**WORK ORDER**
Every picture is to be removed, and all the data is to be copied exactly.

**MATERIAL PROVIDED**
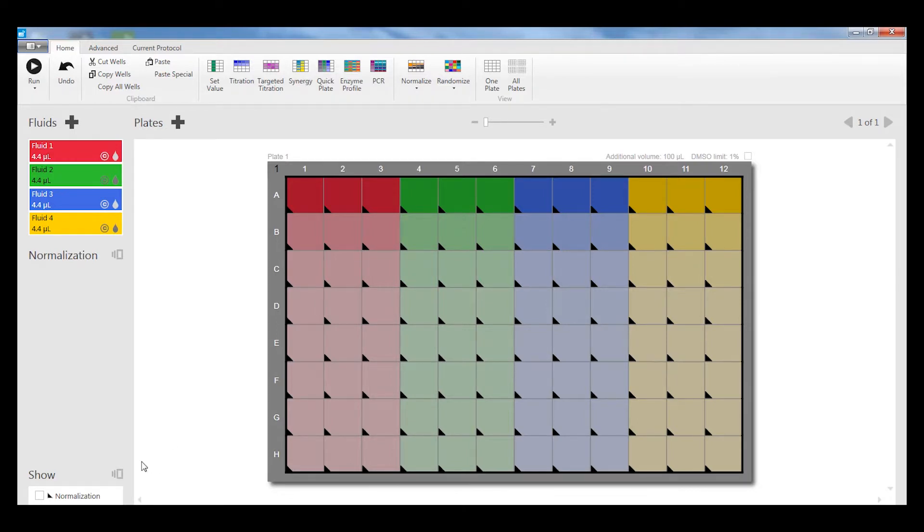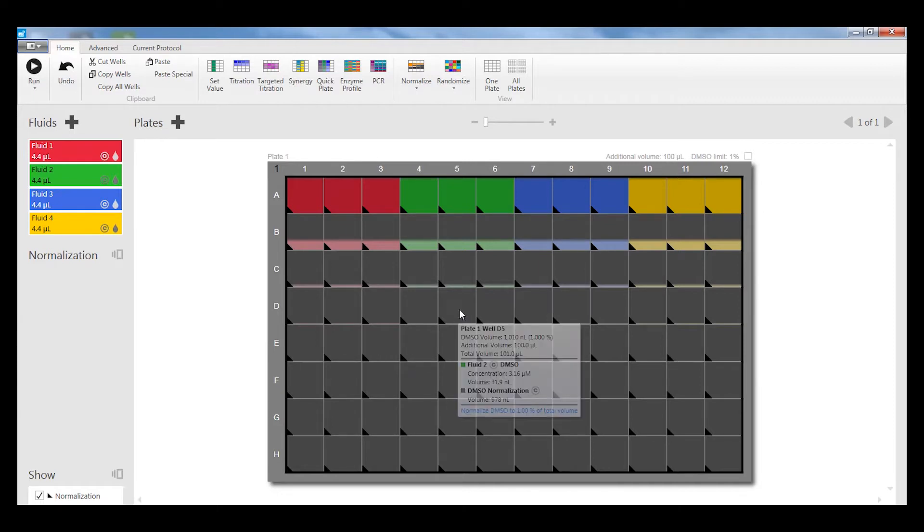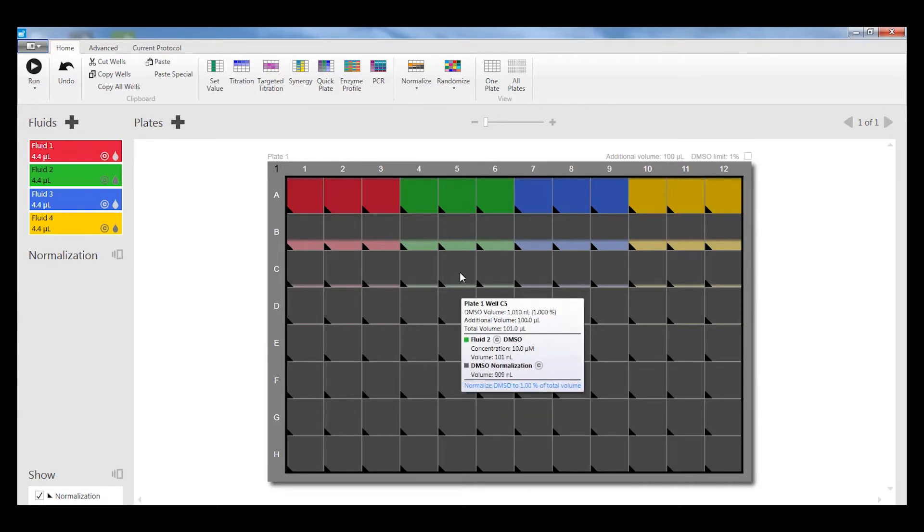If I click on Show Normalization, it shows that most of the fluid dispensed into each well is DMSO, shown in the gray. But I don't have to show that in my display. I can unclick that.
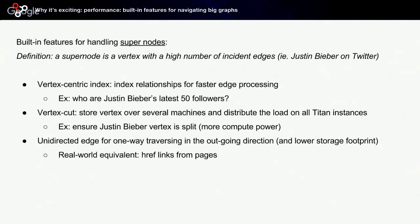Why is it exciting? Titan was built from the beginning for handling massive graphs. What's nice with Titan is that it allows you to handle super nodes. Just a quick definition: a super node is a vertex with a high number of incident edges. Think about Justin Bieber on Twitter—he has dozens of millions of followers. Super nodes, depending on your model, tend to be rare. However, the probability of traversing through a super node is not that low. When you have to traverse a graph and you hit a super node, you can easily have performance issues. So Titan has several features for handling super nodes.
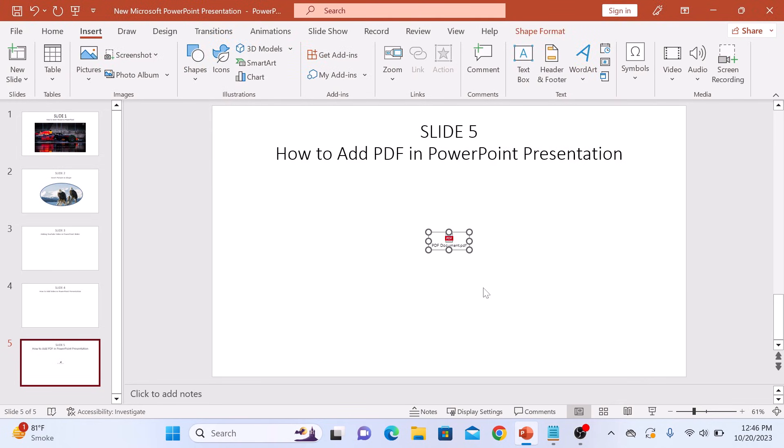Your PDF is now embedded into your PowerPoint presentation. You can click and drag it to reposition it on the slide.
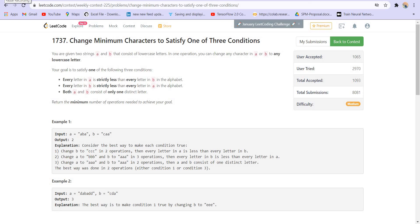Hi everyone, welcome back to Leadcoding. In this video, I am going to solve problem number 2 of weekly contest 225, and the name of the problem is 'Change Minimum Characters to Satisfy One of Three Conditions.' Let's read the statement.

**EXERCISE RESPONSE**
If I click on Show Normalization, it shows that most of the fluid dispensed into each well is DMSO, shown in the gray. But I don't have to show that in my display. I can unclick that.
Why is it exciting? Titan was built from the beginning for handling massive graphs. What's nice with Titan is that it allows you to handle super nodes. Just a quick definition: a super node is a vertex with a high number of incident edges. Think about Justin Bieber on Twitter—he has dozens of millions of followers. Super nodes, depending on your model, tend to be rare. However, the probability of traversing through a super node is not that low. When you have to traverse a graph and you hit a super node, you can easily have performance issues. So Titan has several features for handling super nodes.
Your PDF is now embedded into your PowerPoint presentation. You can click and drag it to reposition it on the slide.
Hi everyone, welcome back to Leadcoding. In this video, I am going to solve problem number 2 of weekly contest 225, and the name of the problem is 'Change Minimum Characters to Satisfy One of Three Conditions.' Let's read the statement.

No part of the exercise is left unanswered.